A listener wrote in to The Cale Clarke Show to ask Cale about the concept of reincarnation. He said that he knows that the Catholic Church teaches that reincarnation does not exist, but he heard that it was in scripture and then later removed from canon at the Council of Nicaea. Is there any truth to this?
Cale responded by first saying that he has heard this same argument before in multiple contexts, the first of which refers to the typological saying that calls Jesus “The New Adam”. Some interpreted this to mean that Jesus is the reincarnation of Adam who has come to do the right thing whereas Adam chose to sin. So clearly, the Church would promulgate reincarnation if Jesus did it, right?

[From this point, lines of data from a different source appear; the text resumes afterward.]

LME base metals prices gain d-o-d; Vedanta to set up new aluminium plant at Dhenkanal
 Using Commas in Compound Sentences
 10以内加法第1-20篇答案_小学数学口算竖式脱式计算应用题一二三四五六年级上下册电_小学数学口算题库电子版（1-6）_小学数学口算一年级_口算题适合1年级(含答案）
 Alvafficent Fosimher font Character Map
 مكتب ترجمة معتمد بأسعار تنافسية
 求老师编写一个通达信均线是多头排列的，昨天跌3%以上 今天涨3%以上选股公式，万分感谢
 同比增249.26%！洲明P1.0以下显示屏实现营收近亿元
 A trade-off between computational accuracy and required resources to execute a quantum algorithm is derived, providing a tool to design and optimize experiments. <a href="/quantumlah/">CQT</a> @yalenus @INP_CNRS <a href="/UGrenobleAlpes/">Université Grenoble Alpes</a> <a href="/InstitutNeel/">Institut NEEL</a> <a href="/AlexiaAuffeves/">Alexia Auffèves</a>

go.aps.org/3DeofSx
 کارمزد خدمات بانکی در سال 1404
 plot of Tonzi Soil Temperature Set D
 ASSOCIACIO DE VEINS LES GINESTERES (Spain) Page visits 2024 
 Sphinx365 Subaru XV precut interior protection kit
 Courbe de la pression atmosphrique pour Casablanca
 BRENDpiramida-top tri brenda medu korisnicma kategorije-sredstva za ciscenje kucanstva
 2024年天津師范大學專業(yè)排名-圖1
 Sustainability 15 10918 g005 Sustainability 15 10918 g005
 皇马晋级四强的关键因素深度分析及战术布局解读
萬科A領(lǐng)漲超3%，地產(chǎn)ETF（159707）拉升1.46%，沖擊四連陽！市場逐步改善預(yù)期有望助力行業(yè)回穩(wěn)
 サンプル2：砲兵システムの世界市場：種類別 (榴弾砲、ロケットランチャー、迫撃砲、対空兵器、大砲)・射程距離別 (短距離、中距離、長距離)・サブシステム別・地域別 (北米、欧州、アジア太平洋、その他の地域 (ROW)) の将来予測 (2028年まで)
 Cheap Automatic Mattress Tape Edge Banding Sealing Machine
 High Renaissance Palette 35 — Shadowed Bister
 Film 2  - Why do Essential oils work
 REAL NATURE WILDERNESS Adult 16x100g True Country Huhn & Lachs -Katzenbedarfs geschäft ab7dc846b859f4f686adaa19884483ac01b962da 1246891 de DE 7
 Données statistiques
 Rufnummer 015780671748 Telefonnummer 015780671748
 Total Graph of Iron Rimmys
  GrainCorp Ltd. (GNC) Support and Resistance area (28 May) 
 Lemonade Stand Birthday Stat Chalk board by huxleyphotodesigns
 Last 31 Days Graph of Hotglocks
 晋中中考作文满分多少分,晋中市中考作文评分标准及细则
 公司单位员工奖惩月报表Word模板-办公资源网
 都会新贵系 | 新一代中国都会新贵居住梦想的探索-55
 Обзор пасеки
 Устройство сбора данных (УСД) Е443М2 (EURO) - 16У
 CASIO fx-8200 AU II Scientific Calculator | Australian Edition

Wrong. That phrase, “The New Adam”, is typological, said Cale. It’s a form of reference or symbolism. Whereas Adam was put on this earth to stand as the beginning of our eternal salvation, he failed. He gave in to the desires of this world. Jesus took on flesh to come down to earth to fulfill the things that Adam did not. God remains the same and constant forever, so to say that Jesus is literally the reincarnation of Adam would be blasphemous. Adam is not God, but a creature of God. Jesus is God.
The other time where Cale heard this argument that the Church taught reincarnation was, strangely enough, through the autobiographical book Out on a Limb, by actress Shirley MacLaine. MacLaine subscribed to some abnormal, new-age world and religious views, including the belief that the Church originally taught reincarnation. She said, “The theory of reincarnation is recorded in the Bible, but the proper interpretations were struck from the Bible during an ecumenical council meeting of the Catholic Church in Constantinople sometime around AD 553, which was called the Council of Nicaea.”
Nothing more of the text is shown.